In the north, his first move was to secure Le Havre, rather than attempt to remove my panzer threat. We traded a couple of hexes back and forth, as my panzers stacked up to get a decent odds column and I rolled averagely, which is all that's needed for the German player in my position. Eric made no more than one hex per turn progress, which meant that he was going to struggle to score any points, let alone the 25 he needed for a draw. With only 8 turns left he'd had enough and we wrapped it up. Here's the final position:











This is one of those games where I don't really feel I did much for the win. The only real decisions are when to stay and when to bug out to the next defense line. Mostly I feel I got these decisions right, although the stack of dead Axis units might say otherwise, but they were pretty much all weak units. Perhaps the telling statistic is that at the end of turn 17 I had 1 panzer and 1 mechanized unit in my dead pile, all the rest being on the map, and mostly at full strength. Where I did trip up, I feel, was in not pressing enough in the first few turns. Looking at those big stacks of Allied units, especially in bocage, I didn't attempt any attacks, but the combat table is very favorable to the Axis player. I'm not sure that trading steps is a good move for the Axis player, however, but trying to push the Allied stacks off their beach-heads seems like a good move.

I do think that I was helped tremendously by a couple of things that Eric did. First, in the first couple of turns I learned the power of an Allied air drop behind my lines. Cutting off retreats helps with step losses on retreats, but, even more importantly, the brutal supply rules for the Axis (EZoCs are not negated by friendly units) makes getting surrounded a bad thing, as units attrition away after the second turn of being OoS. So, I was very relieved to find that all his airborne divisions were in the dead pile, and he wasn't using his replacements to rebuild them.

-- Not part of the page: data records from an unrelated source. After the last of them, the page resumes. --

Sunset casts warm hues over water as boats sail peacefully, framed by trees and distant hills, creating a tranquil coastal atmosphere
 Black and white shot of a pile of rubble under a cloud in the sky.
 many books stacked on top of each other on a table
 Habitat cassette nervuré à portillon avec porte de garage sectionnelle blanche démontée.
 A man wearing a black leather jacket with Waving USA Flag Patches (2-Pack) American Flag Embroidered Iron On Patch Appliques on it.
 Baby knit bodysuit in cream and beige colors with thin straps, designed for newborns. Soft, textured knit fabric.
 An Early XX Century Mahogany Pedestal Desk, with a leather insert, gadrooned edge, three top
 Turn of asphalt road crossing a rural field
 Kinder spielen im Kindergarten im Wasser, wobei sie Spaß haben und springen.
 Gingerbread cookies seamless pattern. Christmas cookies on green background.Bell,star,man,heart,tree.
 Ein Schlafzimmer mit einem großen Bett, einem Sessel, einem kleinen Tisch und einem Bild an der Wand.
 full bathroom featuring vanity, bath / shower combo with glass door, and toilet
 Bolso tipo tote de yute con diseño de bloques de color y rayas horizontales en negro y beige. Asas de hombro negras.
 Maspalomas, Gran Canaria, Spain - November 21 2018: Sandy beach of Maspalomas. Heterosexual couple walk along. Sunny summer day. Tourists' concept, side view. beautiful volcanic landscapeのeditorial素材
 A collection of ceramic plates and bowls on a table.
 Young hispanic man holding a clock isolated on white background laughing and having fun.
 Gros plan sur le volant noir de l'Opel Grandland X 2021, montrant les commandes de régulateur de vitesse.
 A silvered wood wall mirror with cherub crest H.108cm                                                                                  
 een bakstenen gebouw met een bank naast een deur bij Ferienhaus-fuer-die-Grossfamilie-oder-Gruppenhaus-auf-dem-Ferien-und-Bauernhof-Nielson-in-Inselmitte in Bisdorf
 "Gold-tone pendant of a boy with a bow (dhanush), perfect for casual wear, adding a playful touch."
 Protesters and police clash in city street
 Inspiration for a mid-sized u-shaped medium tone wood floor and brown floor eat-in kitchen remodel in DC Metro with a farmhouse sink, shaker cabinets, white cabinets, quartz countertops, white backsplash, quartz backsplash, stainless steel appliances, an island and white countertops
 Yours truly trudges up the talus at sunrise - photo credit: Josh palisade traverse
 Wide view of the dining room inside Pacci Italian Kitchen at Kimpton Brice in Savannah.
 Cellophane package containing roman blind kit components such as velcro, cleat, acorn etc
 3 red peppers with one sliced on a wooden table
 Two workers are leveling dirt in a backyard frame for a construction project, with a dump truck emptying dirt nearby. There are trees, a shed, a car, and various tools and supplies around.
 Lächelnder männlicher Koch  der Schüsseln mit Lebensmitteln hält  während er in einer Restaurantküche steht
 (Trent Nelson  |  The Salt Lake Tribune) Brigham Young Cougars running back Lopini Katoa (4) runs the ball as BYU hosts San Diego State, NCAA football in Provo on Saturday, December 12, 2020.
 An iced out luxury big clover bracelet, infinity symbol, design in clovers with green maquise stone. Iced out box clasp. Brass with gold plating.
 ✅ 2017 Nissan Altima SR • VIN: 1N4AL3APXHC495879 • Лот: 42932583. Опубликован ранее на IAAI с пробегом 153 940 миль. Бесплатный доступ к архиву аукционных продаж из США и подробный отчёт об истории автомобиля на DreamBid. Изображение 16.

Second, he burned his 6 beachhead markers very quickly, and using up that last one allowed me to release all the units protecting possible follow-on invasions to build a solid line. Keeping at least one beachhead marker available for another invasion is, I believe, critical for keeping the Axis player off balance.

I just thought of a third thing. The Allies need to keep the pressure on the Axis player, so he's having to defend on all fronts. Whilst Eric suffered for a large period of time with few ports with which to activate HQs for attack, I think the Allied player needs to be attacking in a lot more places than the one or two select attacks (at high odds) that Eric made. In my view (and, not having played as the Allies, I could be way off base here) I think that the Allies should be making 3 2:1 attacks rather than 1 6:1 attack. Sure, there's the chance of some bad rolls, but the Allied player needs to give himself the chance of getting that good result that causes a breakthrough, rather than allowing the game to stagnate into WWI type trench warfare. (I think that was the issue with the Afrika II SCS game I played recently - we were both too timid on attacks, and it really did feel more like WWI than the cut and thrust of the desert.)

Overall, this wasn't my favorite SCS game of the ones I've played. The Axis player doesn't have a lot to do other than run away from defense point to defense point, but, once again, that may have been a factor of the way our game developed. Either way up, that isn't to say that I didn't enjoy it, and for a large part of the early game I was metaphorically chewing my finger nails at the situation. As the game wore on I was feeling more confident, but I always felt that I was just a couple of bad (or good, from Eric's perspective) dice rolls away from a disaster. I'd certainly like to give this one another go, and it's on my list for a future session. This time I get to be the Allies, to see if I can do any better.